The ground beneath our feet is constantly moving and that can compromise the stability of buildings and infrastructure. Satellite data are helping Giorgia Giardina to chart the impact of subsurface activity on buildings in great detail so efficient measures to limit damage, cost and safety risks can be taken before it’s too late.
Some parts of the Netherlands are sinking and none faster than the west and northeast of the country, where groundwater level decline and gas extraction are among the main culprits. And what happens below ground often affects what is happening on the surface, says assistant professor Geo-monitoring and Data Analytics Giorgia Giardina. ‘Subsurface activity, such as ground subsidence, tunneling or earthquakes, poses a risk to surface buildings. Urban areas in particular can be badly affected, with buildings suffering severe subsidence and cracks. Without proper measures the damage to homes and other buildings will run into billions of euros in the years ahead. People’s safety could also be compromised.’

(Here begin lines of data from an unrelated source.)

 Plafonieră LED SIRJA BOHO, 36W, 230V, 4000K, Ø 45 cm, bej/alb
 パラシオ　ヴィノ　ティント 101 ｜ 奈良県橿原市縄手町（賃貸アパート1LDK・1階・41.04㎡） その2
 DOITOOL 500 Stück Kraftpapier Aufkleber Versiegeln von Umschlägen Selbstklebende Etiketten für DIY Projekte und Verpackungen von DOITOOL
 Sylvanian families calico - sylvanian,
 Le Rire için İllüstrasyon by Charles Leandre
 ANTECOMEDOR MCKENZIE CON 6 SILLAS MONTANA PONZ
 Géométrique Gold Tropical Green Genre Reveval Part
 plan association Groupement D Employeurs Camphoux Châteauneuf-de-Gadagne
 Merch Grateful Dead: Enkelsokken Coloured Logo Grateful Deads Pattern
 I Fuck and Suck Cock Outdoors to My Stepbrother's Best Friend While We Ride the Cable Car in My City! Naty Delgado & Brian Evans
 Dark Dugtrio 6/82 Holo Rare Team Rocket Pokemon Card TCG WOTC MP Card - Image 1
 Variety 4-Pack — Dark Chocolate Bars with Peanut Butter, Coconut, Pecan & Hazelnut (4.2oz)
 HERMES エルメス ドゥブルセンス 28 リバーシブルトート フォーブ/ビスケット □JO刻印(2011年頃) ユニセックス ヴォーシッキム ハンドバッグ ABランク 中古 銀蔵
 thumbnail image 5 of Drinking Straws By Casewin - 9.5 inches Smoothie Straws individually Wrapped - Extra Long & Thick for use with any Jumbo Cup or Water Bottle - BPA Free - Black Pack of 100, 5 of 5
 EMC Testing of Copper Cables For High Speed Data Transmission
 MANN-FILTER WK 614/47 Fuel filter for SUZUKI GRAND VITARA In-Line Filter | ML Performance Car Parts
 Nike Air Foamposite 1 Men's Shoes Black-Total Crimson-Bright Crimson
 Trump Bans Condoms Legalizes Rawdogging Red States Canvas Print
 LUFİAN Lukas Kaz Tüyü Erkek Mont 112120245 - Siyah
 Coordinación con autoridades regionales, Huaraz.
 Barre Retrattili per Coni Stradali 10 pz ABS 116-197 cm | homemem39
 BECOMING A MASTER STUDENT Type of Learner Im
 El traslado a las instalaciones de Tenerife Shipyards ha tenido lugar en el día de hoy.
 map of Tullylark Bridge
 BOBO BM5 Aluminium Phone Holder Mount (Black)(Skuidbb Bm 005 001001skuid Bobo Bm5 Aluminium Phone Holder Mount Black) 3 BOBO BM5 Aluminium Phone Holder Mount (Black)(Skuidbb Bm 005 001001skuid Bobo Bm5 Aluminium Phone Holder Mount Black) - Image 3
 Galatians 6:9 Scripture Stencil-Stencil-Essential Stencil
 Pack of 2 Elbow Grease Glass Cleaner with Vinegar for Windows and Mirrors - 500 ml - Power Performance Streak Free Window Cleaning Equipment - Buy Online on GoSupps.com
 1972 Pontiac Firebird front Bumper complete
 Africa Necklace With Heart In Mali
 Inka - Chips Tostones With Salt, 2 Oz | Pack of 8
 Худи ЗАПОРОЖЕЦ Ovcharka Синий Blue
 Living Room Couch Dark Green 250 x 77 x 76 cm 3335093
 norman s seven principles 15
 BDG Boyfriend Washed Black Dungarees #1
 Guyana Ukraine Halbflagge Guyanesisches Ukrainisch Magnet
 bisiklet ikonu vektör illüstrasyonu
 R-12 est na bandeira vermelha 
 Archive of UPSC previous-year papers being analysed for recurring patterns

With a background in both environmental and civil engineering Giardina’s area of expertise is where above and below surface activities meet. ‘The interaction between what we can and cannot see has always interested me. Plus I’m from Italy, a country with a great many heritage buildings and a relatively high number of earthquakes. Based on a better understanding of what happens underground I try to determine the vulnerability of a building and the extent of any damage that may occur. For my Master’s I worked on a risk evaluation of historical buildings in Italy. I then did my PhD in Delft, about the effects of the excavation work on the North South metro line in Amsterdam. I then went on to Cambridge to do a postdoc, and later started my own research group in Bath.
During her time at Bath Giardina spent much of her time working with space agency NASA. Her Eureka moment came when she was talking to one of the space scientists, Pietro Milillo. ‘He told me that satellite imaging could detect movement in buildings from a height of 600 kilometres with up to the millimetre accuracy. That was a fascinating piece of knowledge and very valuable for the research I was doing. I had been using sensors to monitor individual buildings but now I could suddenly chart and study the movement of lots of buildings and infrastructure in a much larger area.’
My Eureka moment: when I discovered that satellite imaging could detect movement in buildings from a height of 600 kilometres with up to the millimetre accuracy.
Last May Giardina decided to take up a post as assistant professor at TU Delft. ‘During my time as a PhD in Delft I noticed how much knowledge is concentrated here from different disciplines such as Geo-Engineering, Remote Sensing and Data Science. I need all of these fields of expertise for my research. Apart from that, the Netherlands is an interesting place for study because it’s facing so many challenges in terms of subsidence and maintenance of infrastructure and buildings. Many Dutch bridges are nearing the end of their life cycle and Groningen province is having to cope with a lot of damage to homes because of earthquakes. Our Dutch findings will help other countries with similar problems as well. Insights from the work on the North South metro line are now being used in the construction of the Crossrail project in London, for example.’
At TU Delft Giardina’s job is to devise a method to assess the risks of subsurface activity. A damage assessment system, she calls it. ‘It’s a model which will enable us to estimate how a building will react to certain subsurface developments and where damage may occur. To do this we collect different types of data. Apart from the satellite data we need information about the behaviour of buildings and bridges. Concrete structures will react differently to subsidence than brick buildings. The stiffness of the material plays a role as well. We also need to know about the environment of the building, things like the surrounding infrastructure and the subsurface conditions. The tricky bit is to select the most relevant data and integrate it into the model efficiently. The use of satellite data for applications in civil engineering, for instance, is relatively new.’
I want to develop a damage assessment system, to help us estimate how a building will react to certain subsurface developments and where damage may occur.
A good predictive model will help prioritise what needs to happen in terms of maintenance and replacement, Giardina says. ‘Policy makers will have to decide which work should be done first. You can’t do it all at once but if you know where the problems are most acute you’ll know where to make a start. Timely interventions in the right spot will save a lot of time and money. The data will also help future building projects. If you know how buildings react to subsurface activity you can take precautionary measures in vulnerable areas, such as re-enforcing the soil or a building. Thanks to the satellite data you can also monitor movement during construction so measures can be taken in time.’
Giardina’s work is not just about preventing damage and saving money. ‘It is, of course, also very important in terms of human safety. A collapsing building can result in many casualties. If it does happen, for instance after an earthquake, you want to be able to bring people to safety as quickly as possible. The satellite images can visualise the damage and pinpoint the places for the emergency services to go, or to avoid as the case may be. Timely maintenance plays an important part where historical buildings are concerned. I’m from a country steeped in history and the Netherlands, too, is a treasure trove of historical buildings, just think of the canal houses. I live in one myself in Delft. For that to disappear doesn’t bear thinking about.’